The Tama region is situated in western Tokyo. It lies outside of Tokyo’s 23 wards, and is comprised of 30 cities, towns and villages with a total population of about 4.3 million.
This place, adjacent to all the conveniences of the big city, boasts an array of diverse and distinctive facets.
The development of transportation facilities came to represent the face of the city. Despite its status as one of the world’s biggest cities, Tokyo is surprisingly rich in natural features.
The history and traditions of the area have been developed over many centuries. The produce grown in the soils of the region is actively utilized to create a variety of dishes that are gentle on the stomach.
The many that people live, work, and socialize in the area bring a variety of flavors to the Tama region in Tokyo.
The Another TOKYO TAMA project seeks to share the charm of the Tama region with the rest of Japan, eventually expanding to include the rest of the world.
There are many unique accommodations in the Tama area, which has urban areas and mountainous areas. For example, the latest city hotel designed for business trips. For example, an old quaint inn that makes use of tourism resources in the mountains. A place where cutting-edge and history merge in spite of the big city of Tokyo. That is the characteristic of the Tama area. From accommodations that meet a wide variety of needs, we will introduce 3 selected facilities and recommended spots in the surrounding area.
The Tama area was once known as a region where textile production was thriving. During the Edo period, many farmers raised silkworms, and it is said that cocoons and textiles were valuable cash income. A woven fabric called Ome stripe was produced in the Edo period and became famous all over the country. When textiles prosper, dyeing products that dye threads and silk are inevitably required. A result, its own dyeing culture in the Tama region has evolved. Please touch on the three dyeings that still remain, their techniques, and their "Chic". In honor of the craftsmen who have preserved and inherited the culture here for over 100 years.

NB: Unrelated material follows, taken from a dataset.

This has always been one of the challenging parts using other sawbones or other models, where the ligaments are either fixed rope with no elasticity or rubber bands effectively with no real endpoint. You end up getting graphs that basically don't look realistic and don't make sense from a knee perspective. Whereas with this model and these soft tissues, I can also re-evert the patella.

In the Tama area, rich in nature, there are several mountains that are the objects for mountain worship. The typical examples are Mitake-san Mountain in Ome City and Takao-san Mountain in Hachioji City. Mitake-san Mountain, which is easily accessible from central Tokyo and is visited by more than 400,000 tourists annually, is famous for the Musashi-Mitake-Jinja Shrine near the summit and Shukubo (pilgrim’s lodging) run by the priest of the shrine.
Since the Edo period, wheat has been the chief crop of the historic Musashino plateau. In those days, homemade, hand-stretched udon, made from wheat, graced the tables of many families. Udon was an important regional cuisine, especially during events where people gather together, like Obon, the New Year, and other important familial ceremonies.

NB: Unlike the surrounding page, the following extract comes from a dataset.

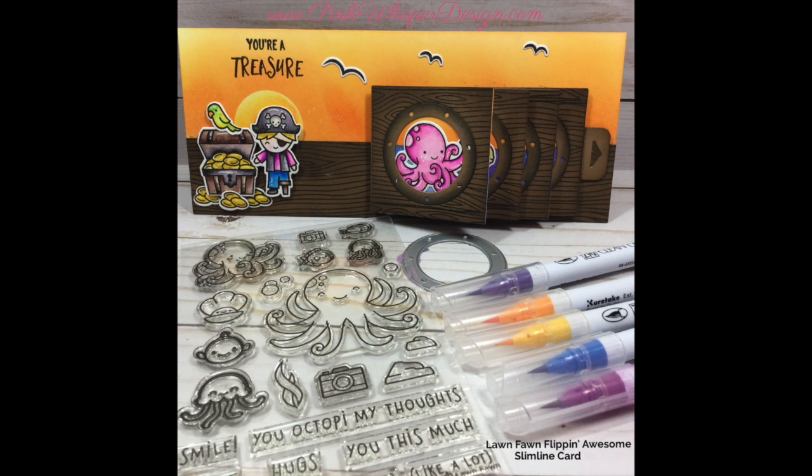Hi everyone, it's Lynn Dion here from Pink Whisper Designs. Today we're going to make this fun little flippin' awesome card. We're going to be using products from Lawn Fawn, so let's go ahead and get started.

There are many trees in the Tokyo Tama area, so we can enjoy their seasonal colors no less than spring flowers. From the end of October to November every year, the Ginkgo planted in rows begin to turn along with the trees on the mountains, changing color to yellow and red. Many events suited for this season make for a lively time as the town changes color before the cold winter sets in. Why don’t you find your favorite autumn color in Tama while visiting parks, temples, shrines, and the mountains?
The area containing Okutama and the upper basin of the Akigawa River is in the mountains on the west side of the Tamagawa River, which runs into Tokyo Bay after converging with many of its tributaries. This area is close to the source of the Tamagawa River and retains its rich natural environment.
There are many spots where you can enjoy cherry blossom-viewing in the Tama area with its rich natural amenities. When spring comes, seasonal flowers bloom, especially those on the cherry trees. This beautiful scenery is enjoyed by crowds of many cherry blossom-viewers.
Since the start of the Kansei Reforms in 1787, many Sake breweries were born throughout the Tama region through the encouragement of the shogunate. After all is said and done, the appeal of Sake made in the Tama region is that it is brewed with quality groundwater. And it is also attractive to be able to collect brands of rare and valuable Sake that have been selected by Tokyo that is a large city. There are so many varieties of Sake that even habitual drinkers don’t get bored.
Held throughout Japan, there is a variety of large and small festivals. It is said that there are between 100,000 to 300,000 festivals held in Japan. The word "Matsuri" (festival) originates from the word "Tatematsuru," which refers to being in the service of blessed existence.
The Hachioji textile industry that flourished in the city made it a focal point for the merchant class's social activities. Various Japanese eating establishments sprang up as a result, and Geisha were employed to welcome guests with song and dance. The hospitality industry resulted in the flourishing of the city's Geisha culture. At its peak, some 200 plus Geisha worked in the Nakamachi area.
The Tamagawa river is a first-class river crossing the Tokyo metropolis, and Yamanashi and Kanagawa Prefectures. It is hard to believe that such clear waters flowing down through mountains from their source are to be found in Tokyo. The surrounding nature shows off its beauty throughout the four seasons. The varied currents and natural valleys with springs up water are host to a number of businesses offering a variety of river activities.